Polishing pads are commonly used in the polishing process of production lines for various electronic parts. A method used in semiconductor device production lines, in which a surface is polished to be plane through chemical and mechanical operations (CMP: Chemical Mechanical Polishing), will be described below as a representative example of a polishing process.
Semiconductor devices are produced by forming devices and wiring patterns on a silicon wafer through deposition, lithography, etching, and the like. In recent years, there has been a growing trend toward miniaturization and multi-layering to provide higher precision and higher densities in devices.
As a result, unevenness of a wafer surface has increased. Such unevenness of a wafer surface makes lithography, which is indispensable for forming wiring patterns and the like, difficult. Thus, planerizing the wafer surface is need. A polishing process method involving CMP is used for this.
An important issue in CMP processing is the management of pad surface conditions used in the polishing process. However, no effective method for performing direct evaluation has been established.
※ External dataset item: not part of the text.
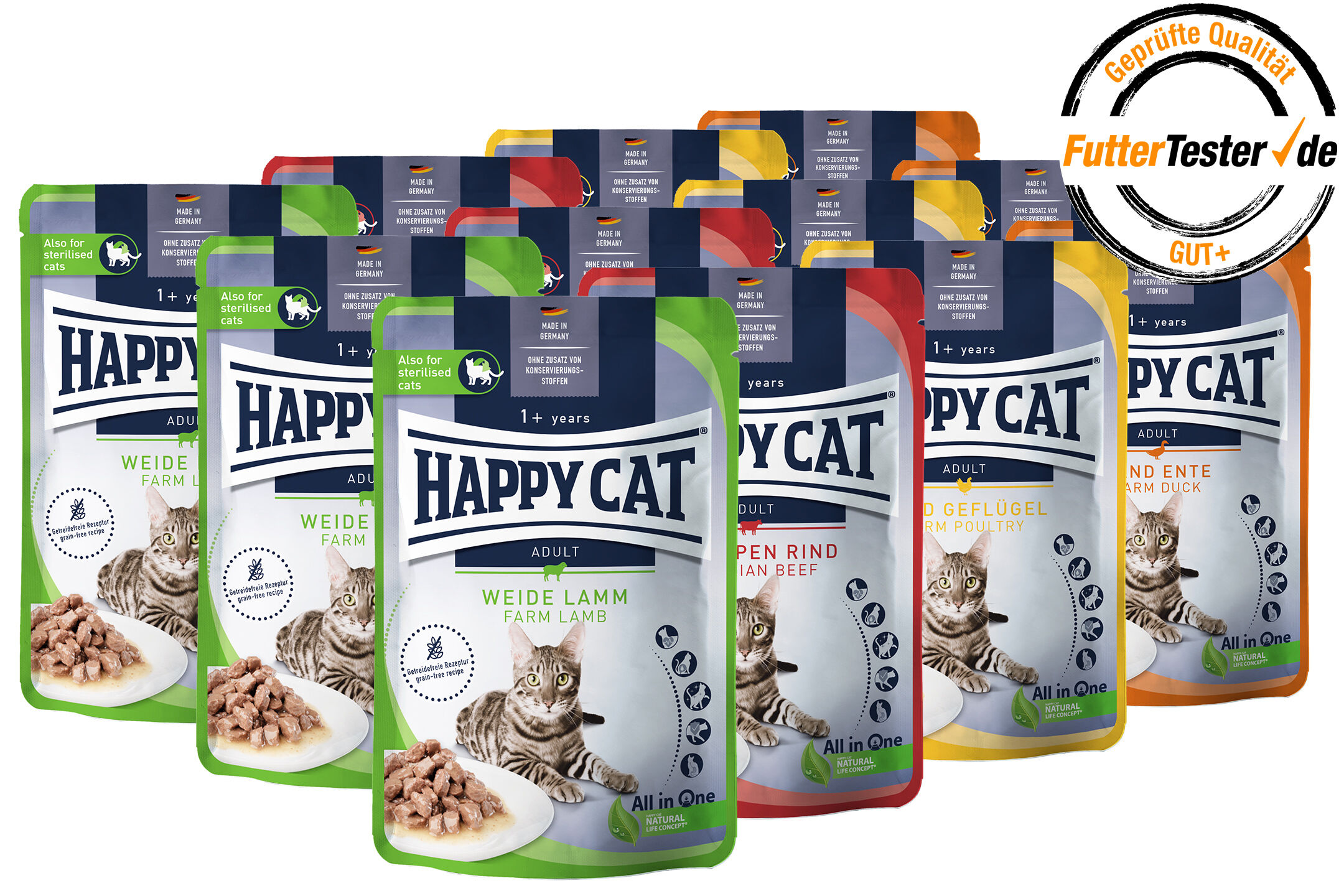 Meat in Sauce - Culinary Mixpaket 2 Eine Auswahl von elf Happy Cat Erwachsenen-Katzenfutterbeuteln in verschiedenen Geschmacksrichtungen wie Lamm, Rind und Ente mit einem FutterTester.de-Qualitätssiegel im Hintergrund.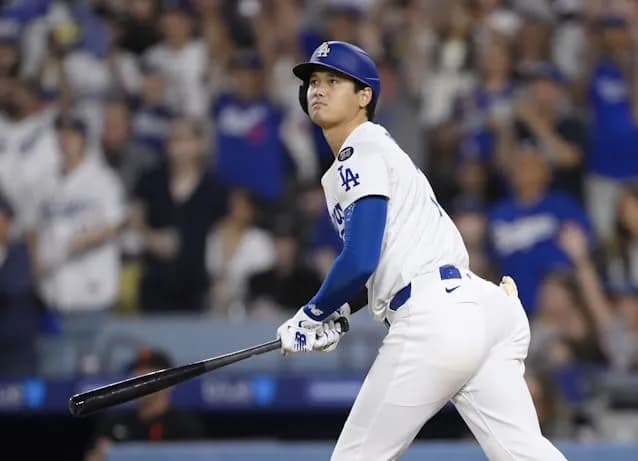 【悲報】大谷翔平さん、年間スポンサー契約料を1社10億円から30億円に吊り上げｗｗｗｗｗ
Conventionally, pad surface conditions are evaluated indirectly based on changes in polishing rates. The polishing rate is calculated from the polishing amount, generally determined by measuring the film thickness of the item being polished before and after CMP processing, and the processing time in which the actual processing was performed.
An example of this type of conventional technology relating to CMP processing is presented in “Semiconductor planarizing CMP technology” (Doi, Kawanishi, Nakagawa, Kougyouchousakai Ltd.).
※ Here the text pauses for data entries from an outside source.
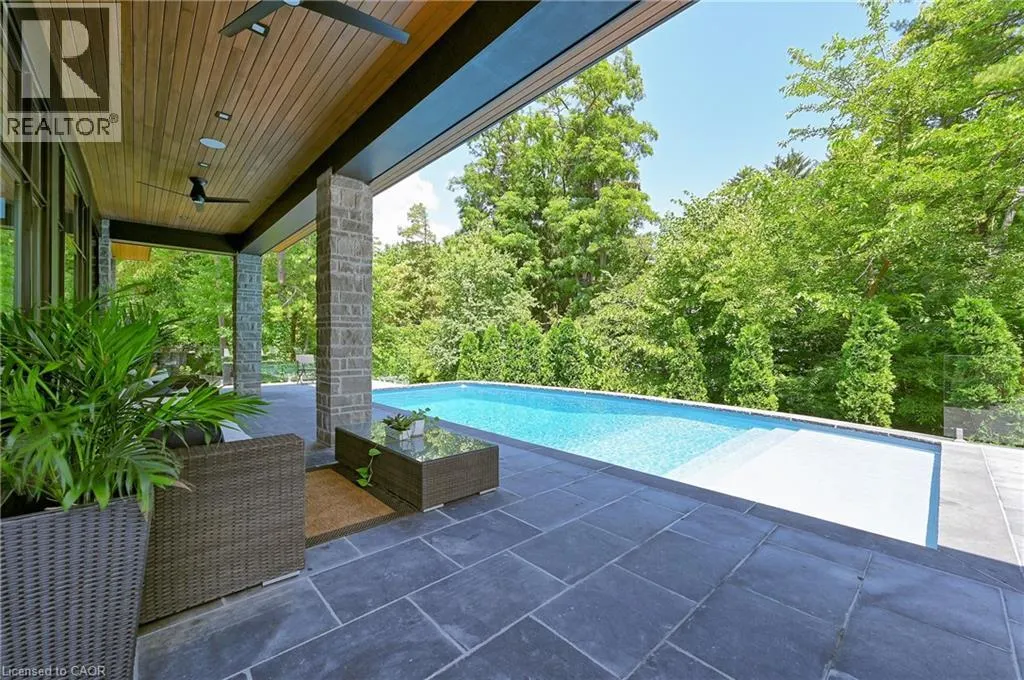 421 CHARTWELL Road
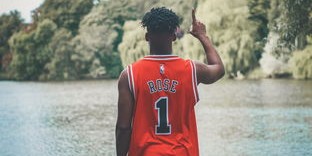 [NBA]杨瀚森秀传球 弧顶单手抛球助飞队友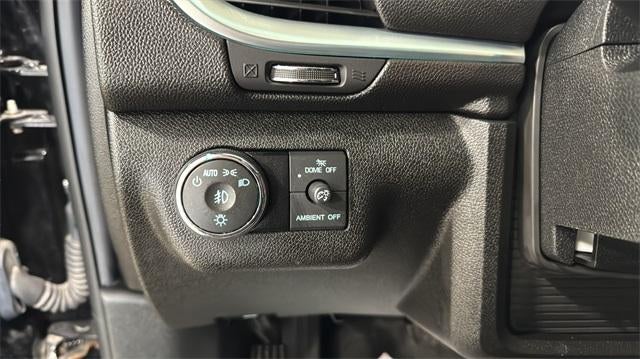 2017 Chevrolet Traverse AWD 2LT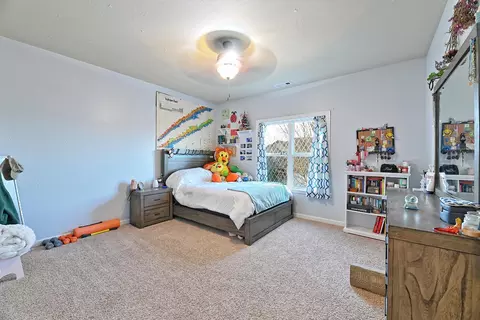 Bedroom - 2000 Bluegrass Dr, Central Point, OR 97502 photo 5 of 5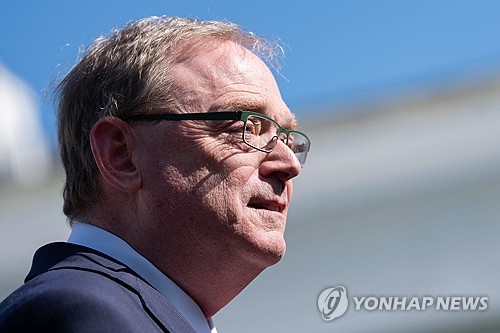백악관, 美 뜨거운 고용에도 "금리 올려선 안 돼…인하 여지 있어"_최진우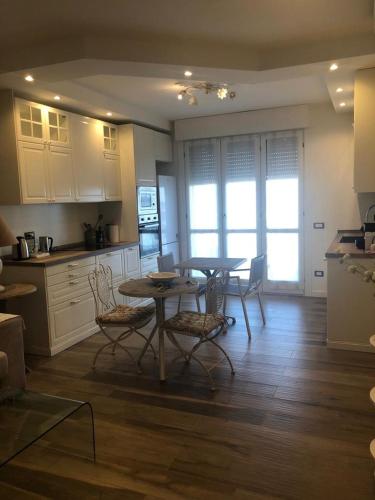 Фотографии мини отеля
La Rosa Bianca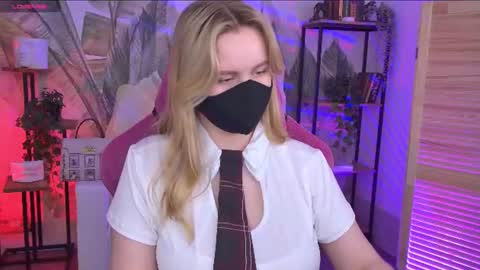 kelly online show from June 19, 9:04 am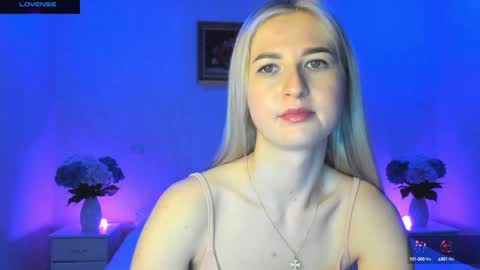 Snapshot of mellina_tey chatting on December 24, 11:22 pm Mellina online show from December 24, 11:22 pm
CMP processing is generally performed using a processing device shown schematically in FIG. 1. The device includes a polishing pad 1 (hereinafter referred to as pad) and a rotating polishing turntable 2 on which the pad 1 is mounted. A wafer chuck 3 supports the wafer and can move radially over the pad 1 while turning. A conditioner 4 corrects pad deterioration and, like the wafer chuck, moves radially over the pad while spinning. A slurry 5 is used for polishing and is supplied to the pad from a supply nozzle 5a. 
In CMP processing, if a single pad is used to polish a large number of wafers, the pad will deteriorate and the polishing rate will decrease. This reduction of polishing rate results from the fact that the planarity of the pad surface increases as wafers are polished.
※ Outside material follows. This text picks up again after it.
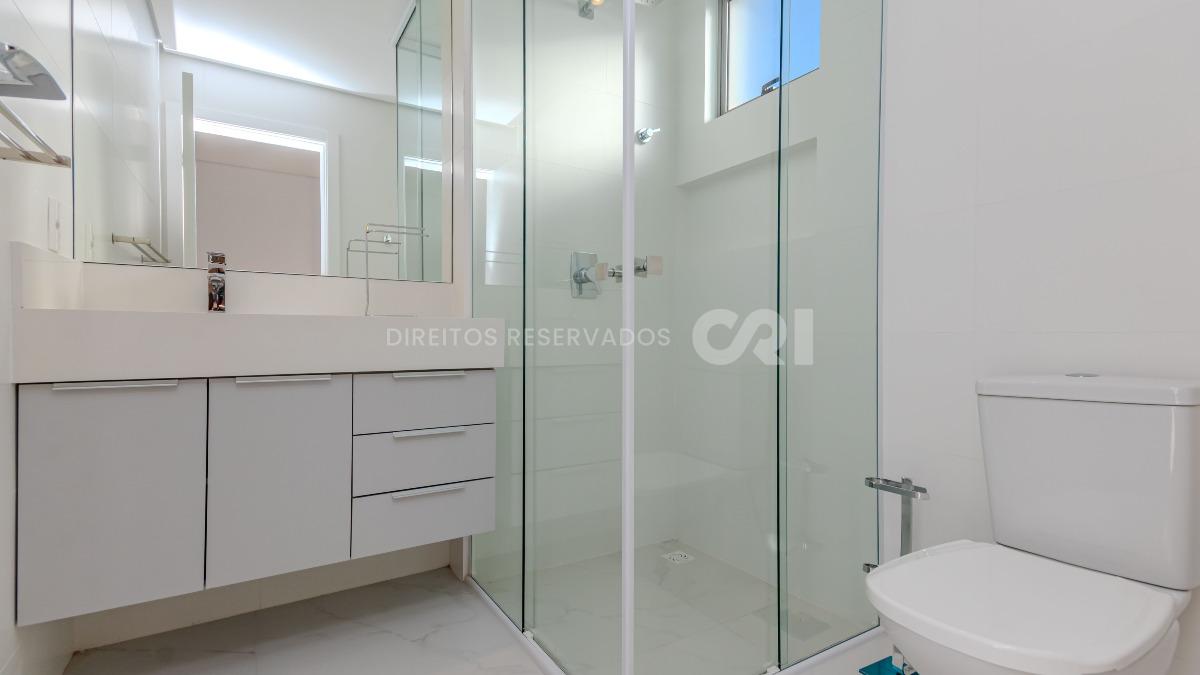  Apartamento com 3 suítes no Las Brisas Residence no Bairro Pioneiros em Balneário Camboriú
This deterioration does not occur uniformly on the pad surface. The deterioration on the pad 1 can form a concentric area 6 as shown in the plan drawing in FIG. 2, spotting 6a as shown in the plan drawing in FIG. 17, or the like. In these figures, areas 7 indicate good areas where there is little deterioration.
In the former case, the concentric area 6 is believed to occur because the pad 1 and the wafer (supported by the wafer chuck 3 but not shown in the figure) in FIG. 1 are both circular. Thus, different degrees of wafer processing take place depending on the radial position on the pad.
In the latter case, the spotting 6a is believed to occur because of bad attachment of the pad 1 to the polishing turntable 2, e.g., air entering during attachment, or localized defects in the pad itself.
In CMP processing, conditioning is performed between processes or during a process in response to pad deterioration. Conditioning refers to cutting the planarized pad surface to increase surface roughness and restore the polishing rate.
One method involves cutting the surface of the pad 1 with a conditioner 4 having a surface on which particles such as diamonds are adhered, thus increasing pad surface roughness.
As the pad surface deteriorates, the uniformity of the wafer surface and processing variations between wafers will be affected. For example, if the concentric area 6 deteriorates as shown in FIG. 2, the wafer center, which is always in contact with the deteriorated area, will have a different polishing rate from the outer area. As a result, the wafer center and the outer perimeter will be processed to different degrees.
In response to problems such as these, there is a need to optimize conditioning conditions by evaluating pad surface conditions. However, the conventional evaluation method is an indirect method that evaluates pad surface conditions from changes in polishing rates calculated from a processing amount calculated from the film thickness before and after polishing and the processing time.
With this type of indirect method, the pad surface conditions cannot be accurately evaluated. Also, evaluation requires time and cannot be performed in response to sudden problems, thus resulting in many defects.
Also, when a single pad has been used for a certain amount of processing, the polishing rate of the pad will not be restored even when conditioning is performed. This condition indicates that the pad has reached its life span and that the pad needs to be replaced. In terms of reducing costs in CMP processing, it would be desirable to maximize the number of wafers processed by a single polishing pad. However, indirect evaluation based on polishing rates will not provide an accurate evaluation of pad surface conditions and there are variations in the polishing rates themselves. Thus, the pad life span cannot be accurately evaluated, resulting in pads being replaced before their life span is reached.